The fix is simple. It's dramatic. And yet the world's leaders don't even have this on their agenda in Copenhagen. Instead there will be photo ops, posturing, optics, blah-blah-blah about climate science and climate fraud, announcements of giant wind farms, then cap-and-trade subsidies.
None will work unless a China one-child policy is imposed. Unfortunately, there are powerful opponents. Leaders of the world's big fundamentalist religions preach in favor of procreation and fiercely oppose birth control. And most political leaders in emerging economies perpetuate a disastrous Catch-22: Many children (i. e. sons) stave off hardship in the absence of a social safety net or economic development, which, in turn, prevents protections or development.
China has proven that birth restriction is smart policy.
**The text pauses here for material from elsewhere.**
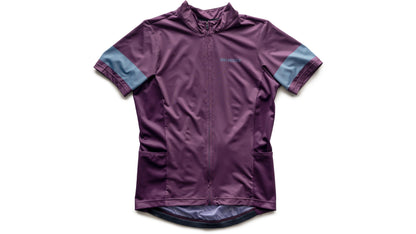Specialized Rbx Jersey W/Swat Ss Wmn Jersey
Its middle class grows, all its citizens have housing, health care, education and food, and the one out of five human beings who live there are not overpopulating the planet.
For those who balk at the notion that governments should control family sizes, just wait until the growing human population turns twice as much pastureland into desert as is now the case, or when the Amazon is gone, the elephants disappear for good and wars erupt over water, scarce resources and spatial needs.
The point is that Copenhagen's talking points are beside the point.
The only fix is if all countries drastically reduce their populations, clean up their messes and impose mandatory conservation measures.